===== Source material =====

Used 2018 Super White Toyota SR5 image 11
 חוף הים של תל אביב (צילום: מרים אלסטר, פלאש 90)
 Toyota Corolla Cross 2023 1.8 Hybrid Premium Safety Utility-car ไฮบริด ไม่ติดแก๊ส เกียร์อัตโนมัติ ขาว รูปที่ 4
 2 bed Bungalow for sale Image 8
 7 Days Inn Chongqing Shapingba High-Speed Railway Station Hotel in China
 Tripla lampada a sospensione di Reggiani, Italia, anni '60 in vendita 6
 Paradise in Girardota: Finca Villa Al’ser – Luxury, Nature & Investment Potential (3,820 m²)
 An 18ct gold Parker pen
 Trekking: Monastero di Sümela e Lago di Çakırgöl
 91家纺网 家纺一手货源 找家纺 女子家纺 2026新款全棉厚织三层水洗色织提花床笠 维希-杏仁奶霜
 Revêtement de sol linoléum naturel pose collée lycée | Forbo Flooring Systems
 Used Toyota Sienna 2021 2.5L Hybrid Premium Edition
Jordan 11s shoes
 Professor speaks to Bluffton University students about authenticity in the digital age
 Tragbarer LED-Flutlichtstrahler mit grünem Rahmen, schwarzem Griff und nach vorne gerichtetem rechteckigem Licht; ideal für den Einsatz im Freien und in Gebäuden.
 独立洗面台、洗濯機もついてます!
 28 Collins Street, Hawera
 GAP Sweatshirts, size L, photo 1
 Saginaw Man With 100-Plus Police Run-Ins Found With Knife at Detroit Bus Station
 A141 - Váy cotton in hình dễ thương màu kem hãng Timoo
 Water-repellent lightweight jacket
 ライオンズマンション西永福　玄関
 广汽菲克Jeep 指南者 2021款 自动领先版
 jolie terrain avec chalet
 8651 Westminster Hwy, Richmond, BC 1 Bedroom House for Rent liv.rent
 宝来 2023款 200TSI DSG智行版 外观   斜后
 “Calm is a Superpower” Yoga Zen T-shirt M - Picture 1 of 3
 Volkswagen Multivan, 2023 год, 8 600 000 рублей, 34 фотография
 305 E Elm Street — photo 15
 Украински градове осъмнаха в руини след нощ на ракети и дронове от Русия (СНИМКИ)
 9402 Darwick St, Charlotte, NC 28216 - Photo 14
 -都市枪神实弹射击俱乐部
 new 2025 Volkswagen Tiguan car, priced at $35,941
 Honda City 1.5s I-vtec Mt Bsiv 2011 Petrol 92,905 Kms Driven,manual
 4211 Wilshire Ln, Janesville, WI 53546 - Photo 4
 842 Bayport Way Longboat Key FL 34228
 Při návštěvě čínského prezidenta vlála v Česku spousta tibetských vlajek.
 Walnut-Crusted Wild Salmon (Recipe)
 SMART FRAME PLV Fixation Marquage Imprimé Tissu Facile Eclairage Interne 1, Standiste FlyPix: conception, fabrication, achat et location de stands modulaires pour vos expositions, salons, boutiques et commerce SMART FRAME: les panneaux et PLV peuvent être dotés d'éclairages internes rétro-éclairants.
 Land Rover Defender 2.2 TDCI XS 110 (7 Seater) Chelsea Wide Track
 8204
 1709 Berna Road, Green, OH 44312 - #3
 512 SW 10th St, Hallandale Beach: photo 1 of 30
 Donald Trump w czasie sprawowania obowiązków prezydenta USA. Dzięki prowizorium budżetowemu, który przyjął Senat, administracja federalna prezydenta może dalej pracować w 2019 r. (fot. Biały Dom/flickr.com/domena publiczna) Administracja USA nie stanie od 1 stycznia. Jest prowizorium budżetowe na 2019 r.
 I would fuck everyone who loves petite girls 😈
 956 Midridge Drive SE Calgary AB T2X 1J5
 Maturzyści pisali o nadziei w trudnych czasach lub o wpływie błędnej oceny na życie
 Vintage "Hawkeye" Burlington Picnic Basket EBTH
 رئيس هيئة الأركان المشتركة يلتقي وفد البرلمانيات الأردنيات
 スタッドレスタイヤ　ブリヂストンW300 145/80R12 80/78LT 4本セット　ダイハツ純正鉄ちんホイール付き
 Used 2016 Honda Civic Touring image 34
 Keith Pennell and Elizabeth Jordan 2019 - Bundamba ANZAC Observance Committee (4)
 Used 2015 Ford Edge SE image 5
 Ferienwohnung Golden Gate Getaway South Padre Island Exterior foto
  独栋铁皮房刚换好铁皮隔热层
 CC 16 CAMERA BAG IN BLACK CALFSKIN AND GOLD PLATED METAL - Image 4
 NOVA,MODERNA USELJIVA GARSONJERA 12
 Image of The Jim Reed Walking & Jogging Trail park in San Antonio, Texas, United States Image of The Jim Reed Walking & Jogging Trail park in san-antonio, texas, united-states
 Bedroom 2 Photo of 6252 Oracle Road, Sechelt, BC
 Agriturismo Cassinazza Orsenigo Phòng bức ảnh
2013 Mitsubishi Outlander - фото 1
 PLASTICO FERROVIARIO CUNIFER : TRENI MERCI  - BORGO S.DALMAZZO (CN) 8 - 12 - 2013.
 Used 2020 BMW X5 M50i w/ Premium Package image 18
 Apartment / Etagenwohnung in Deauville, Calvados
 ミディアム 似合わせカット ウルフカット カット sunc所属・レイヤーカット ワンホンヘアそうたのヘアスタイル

=====

_What is expected_
Every line in the records above with the string "Hybrid" in it should be shown.

_Solution to this problem_
 Toyota Corolla Cross 2023 1.8 Hybrid Premium Safety Utility-car ไฮบริด ไม่ติดแก๊ส เกียร์อัตโนมัติ ขาว รูปที่ 4
 Used Toyota Sienna 2021 2.5L Hybrid Premium Edition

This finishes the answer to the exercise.